- INFORMATION SUPPLIED -

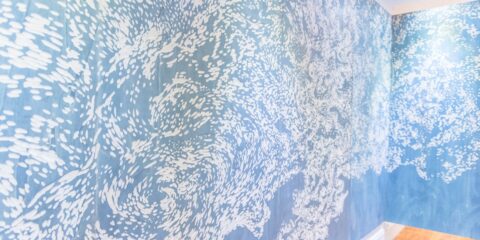 Mur avec motif artistique bleu et blanc.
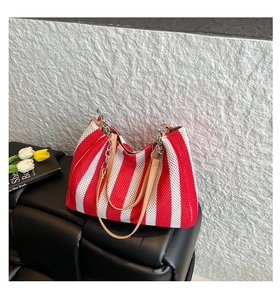 Detail of red and white striped mesh tote bag with leather handles and silver chain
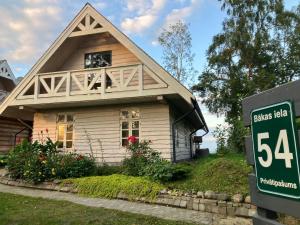 a house with a sale sign in front of it at First Line in Mērsrags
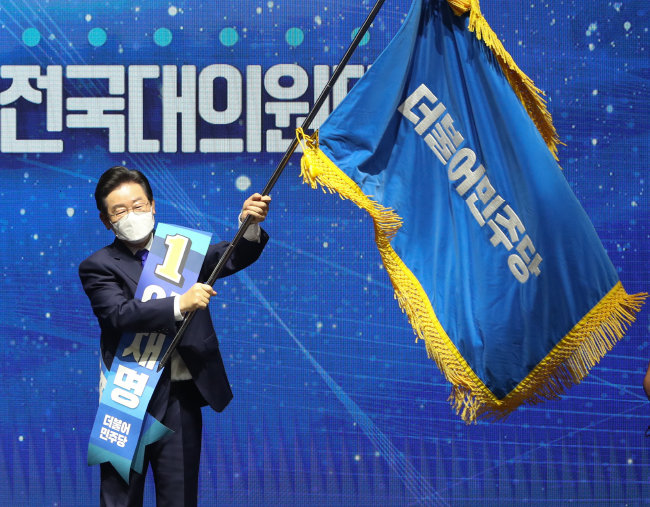 8월 28일 이재명 더불어민주당 의원이 서울 송파구 올림픽 체조경기장에서 열린 제5차 정기전국대의원대회에서 당대표로 선출된 뒤 당기를 흔들고 있다. [뉴시스]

- EXERCISE GOAL -
Text only, please: give the listing again word for word with no images.

- SOLUTION TO THIS PROBLEM -
 Mur avec motif artistique bleu et blanc.
 Detail of red and white striped mesh tote bag with leather handles and silver chain
 a house with a sale sign in front of it at First Line in Mērsrags
 8월 28일 이재명 더불어민주당 의원이 서울 송파구 올림픽 체조경기장에서 열린 제5차 정기전국대의원대회에서 당대표로 선출된 뒤 당기를 흔들고 있다. [뉴시스]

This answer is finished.